Both types of systems for rapid advance of the tool head required extra, multiple parts for their operation. These extra parts added weight to the tool and increased its complexity. Due in part to these extra parts, conventional hydraulic tools weighed eleven or twelve pounds. Since these tools are used for long periods of time and often at uncomfortable angles by an operator the weight of the tool is of substantial importance.
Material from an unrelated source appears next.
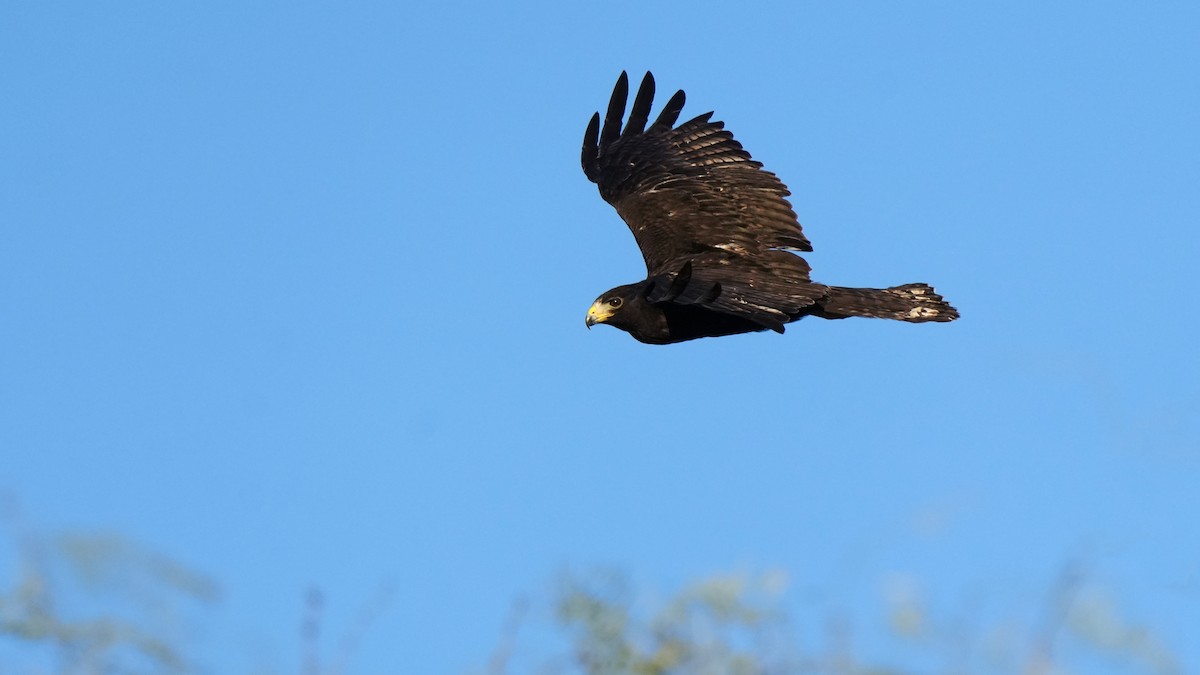 Zone-tailed Hawk - ML614124454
Compression tools, to be operative, need a pressure relief valve to indicate to the operator when the required compression had been completed. This avoids over compressing the workpiece and straining the metal parts of the tool. Also, conventional tools require a means by which to return hydraulic fluid back to the reservoir after a compression has been completed, to ready the tool for another compression. Conventional tools required separate porting and parts for each of these functions. For example for the pressure relief system conventional tools would have a relief valve seat and pin with an additional seating ball and porting. For the return of fluid to the reservoir, conventional tools would have a toggle release arrangement or a release integral with a portion of the handle which when twisted would compress a ball in a ball seat to allow the oil to return to the reservoir. The separation of these two functions in conventional tools required additional parts, with additional assembly requirements and associated additional weight.
It is desirable in most compression tools to measure from time to time the maximum pressure exerted by the tool head on a workpiece before the relief valve assembly becomes operative. Some prior art tools have adapters for attaching a pressure gauge to the hydraulic section of the tool to read the maximum pressure. These adapters generally require extra porting of the pump block and additional valves and springs. These assemblies also add complexity to the tool and extra weight.
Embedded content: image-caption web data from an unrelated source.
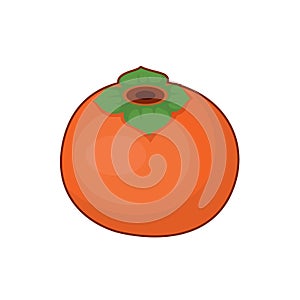 Vector illustration of persimmon fruit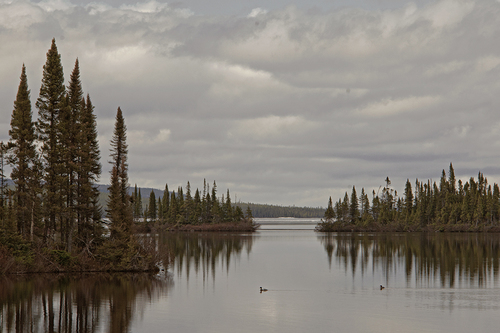 Lake 1, Labrador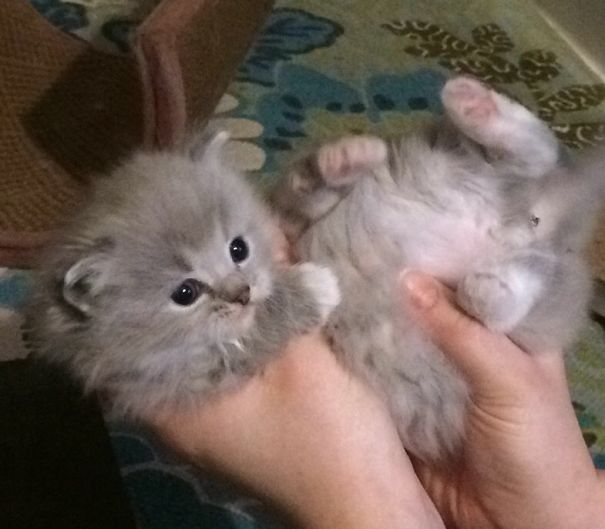 Itty Bitty Floppy Ragdollcatspot Blue Mink Kitty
Many prior art hydraulic apparatus' require the maintenance of a minimum volume of hydraulic fluid in two separate reservoirs in the tool, one is a supply reservoir from which fluid is drawn to be compressed. The other is a compression reservoir into which the fluid drawn from the supply reservoir is compressed. This increases the volume of the compression reservoir and forces the movement of a mechanical piece. The requirement of two separate reservoirs increases the weight and complexity of the tool and provides a risk that contaminent to either reservoir will impair operation of the apparatus.
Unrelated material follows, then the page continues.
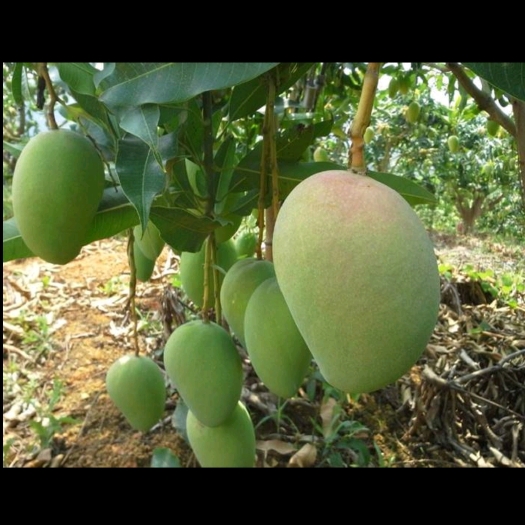 灵山县台农芒果苗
Thus, there is a need in the field for a hand held compression apparatus in which the handle lever arrangement allows a relatively large degree of force to be exerted on the plunger and thereby allows the use of a large diameter plunger to compress relatively large volumes of hydraulic fluid per each compression stroke. Further, there is further a need in the field for a compression apparatus which will advance the tool head in relatively large increments to complete a compression without the need of a separate, rapid advance system. Further, there is a need in the field for a compression apparatus which will complete a compression of a workpiece with a minimum number of compression strokes of the operating levers. Further, there is a need in the field for a compression tool which is lightweight, easy to assemble and maintain and has relatively few moving parts. There is a further need in the field for a compression apparatus in which the pressure relief mechanism is integral with the oil return mechanism thereby eliminating the need for separate porting and separate parts for each of these functions. There is a need in the field for a compression tool which has an adapter assembly therein for the attachment of a pressure gauge where said adapter assembly requires few additional parts. There is also a need for a compression apparatus that does not require the maintenance of two separate reservoirs of hydraulic fluid each having a necessary constant minimum volume requirement.